Laissez-moi vous conter cette histoire, qui a coûté 5 mois de lourd silence à ce blog. J'étais tout simplement emprisonné. En d'autres termes j'étais prisonnier. Je garde sur ma nuque le souvenir éternel de ces 5 mois d'enfer, sous la forme d'un code-barre humiliant. Mais commençons par le début. J'étais tranquillement chez moi, les quatre fers en l'air sur mon canapé Fly. Nez à nez avec mon bol de soupe de poule aux vermicelles = un bouillon cube bio trempé dans un verre 55cl d'eau tiède, où se battent en duel trois vermicelles à savourer lentement. Face à moi, le dvd-rip de Public Enemies. J'étais pris dans le récit sans concession de ce film de gangstas, sur-boosté par mon complexe home-cinema 5.1 décapant, qui a coûté la vie à ma collection de perruches étouffées par les décibels, et qui m'a mis dans la situation financière qui pousse un homme gourmand à se contenter de pain dur chaque soir et de pain paumé les jours de fête. Venons-en au fait, après avoir bouffé mes propres ongles en guise de dessert, j'attaquais le dernier tiers du film, celui dit "de la grosse fusillade". Il faut savoir qu'une des recettes miracles de Michael Mann pour garantir le réalisme jusqu'au-boutiste de ses films, c'est d'utiliser les vraies armes de l'époque, quitte à abîmer certains acteurs.
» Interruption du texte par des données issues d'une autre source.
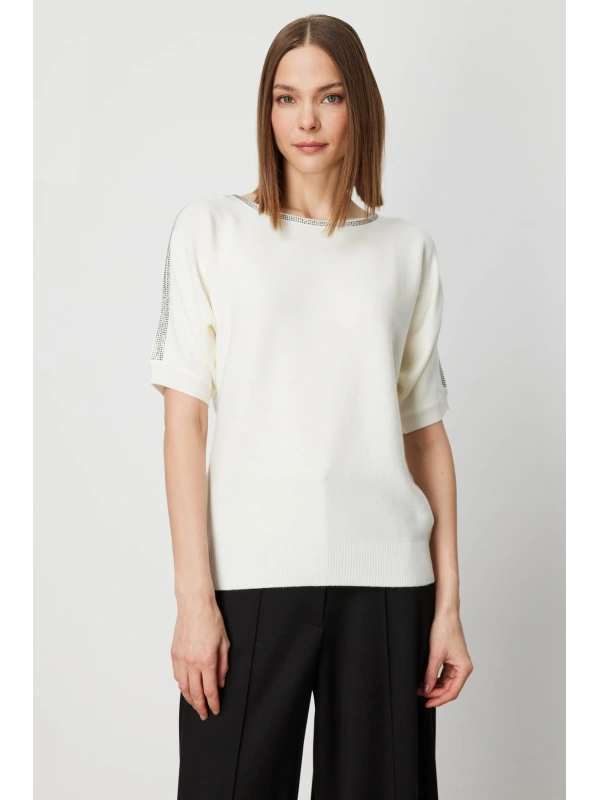 On Fashion Kadın Yakası Ve Kolları Taşlı Ekru Yarım Kol Kazak 65421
Et autant vous dire que les pétards enrayés des années 30, passés au filtre de mes enceintes subwoofers, ça vous pousserait à la dépression plus d'une maîtresse d'école tatillonne sur le silence en classe. Les mousquets du XIIIème siècle utilisés par Micky Mann dans son film, une fois digérés et recrachés par un outillage de professionnel réglé par le dernier des amateurs, ça sonne comme un appel du pied de la grande faucheuse aux oreilles rodées du forestier qui a abattu 300 séquoias par jour dans sa vie de chien. C'était certainement pas du goût de ma vieille voisine, aux portes de la mort. Mais ce qui a conduit la police à ma porte, c'est moins les innombrables appels téléphoniques plaintifs de mes colocataires que mon propre coup de fil passé au commissariat du quartier. J'ai moi-même été tellement surpris et terrorisé par le tremblement de terre causé par mes caissons de basse que j'ai aussitôt contacté la gendarmerie pour signaler des coups de feu et un meurtre probable dans le voisinage. Ils ont rappliqué aussi sec, et ils n'ont pu que constater mon délit. A ce niveau-là, c'est plus du tapage nocturne, c'est carrément enculer la nuit. Ils m'ont emmené les menottes aux poignets. J'ai fait une matinée de garde à vue, qui a duré la bagatelle de 48 heures. Et comme j'étais devenu sourd la nuit du crime, j'étais aussi à peu près muet, ce qui fut pris pour un refus d'obtempérer, ainsi que pour un mépris à agents. Mon arrestation s'est donc étendue à 5 mois de prison ferme. J'en sors tout juste. Je n'ai pas recouvré 100% de mon ouïe et j'ai quand même un gros bracelet noir autour du pied qui m'interdit de retirer mon vieux jean délavé.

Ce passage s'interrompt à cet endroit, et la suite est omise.